Re: Logging about time to create entity manager factory Impl should exist [message #1775208 is a reply to message #1775069] Thu, 26 October 2017 10:32 Go to previous messageGo to next message
Nuno G. de M. is currently offline Nuno G. de M.Friend
Messages: 30
Registered: September 2012
Member
Hi,

First of all, compliments to the person that wrote the following documentation:
https://wiki.eclipse.org/EclipseLink/Building

The documentation there is great, and I believe that building eclipselink from sources (at least for the 2.6.X branch) is much easier then last time I tried to the same thing.
Not struggle whatsoever with libraries not being found.

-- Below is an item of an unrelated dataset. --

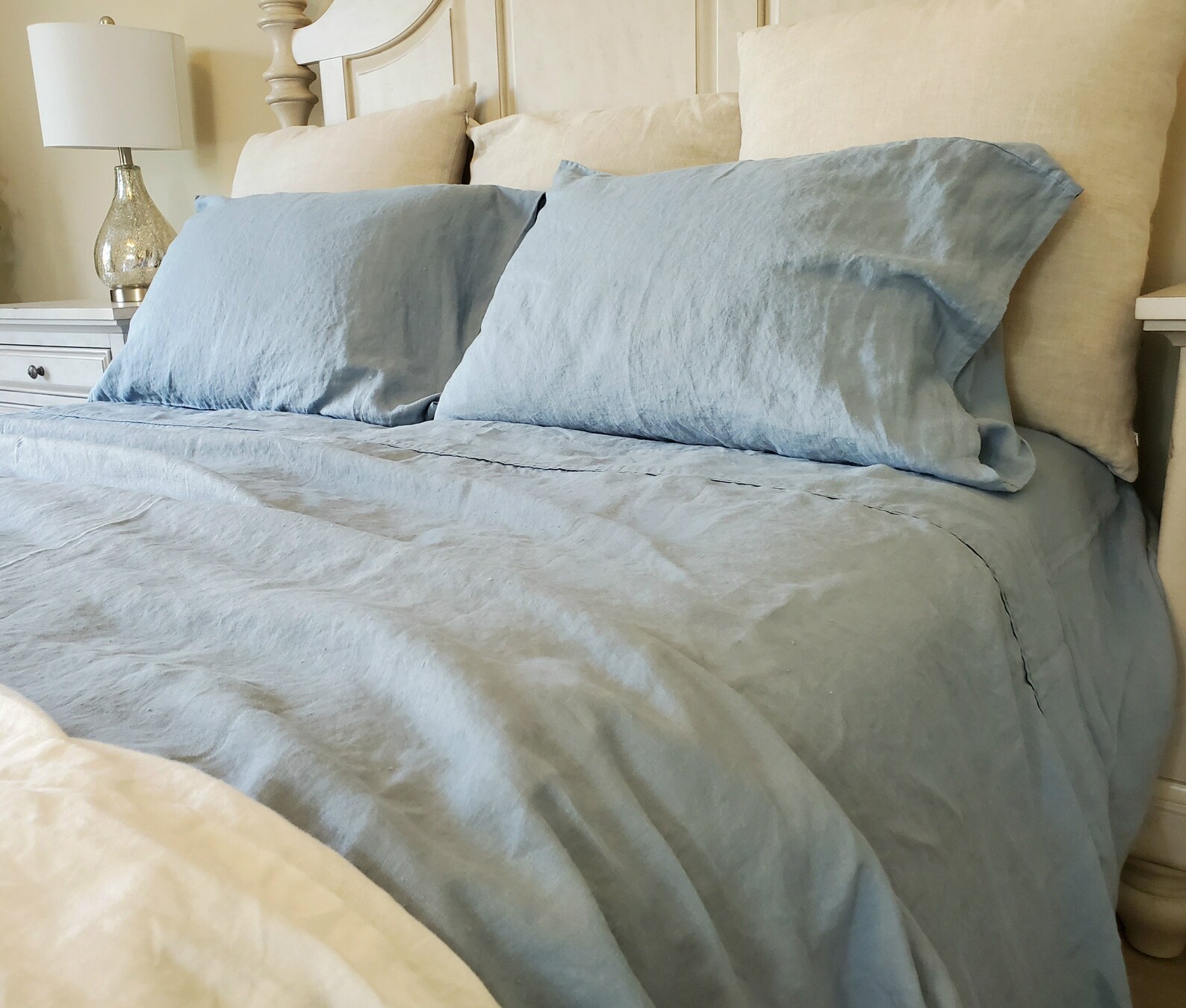 Dusty Blue Linen Bed Sheets Yarn Dyed Soft Natural Linen Bed Etsy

I think the document above can be made even easier by doing a more "guide for dummies approach".

1. git clone REPO_URL

2. If working on windows and having problems with file system path :
git config --global


# load all branches you might want to work with
3. git fetch

etc...

Then move over to eclipse, and explain that java > build > class path varibales ECLIPSELINK_HOME is to be set

and so on.

I think the document is great, but that now with eclipselink on git, you can really make a guide that even dummies can even build the elcipslenk.jar library from source in a heartbeat.

I would also add some print screens of the:
extension.lib.external

To show off pretty clearly what type of libraries the person can expect to have to put in there, not just textualy.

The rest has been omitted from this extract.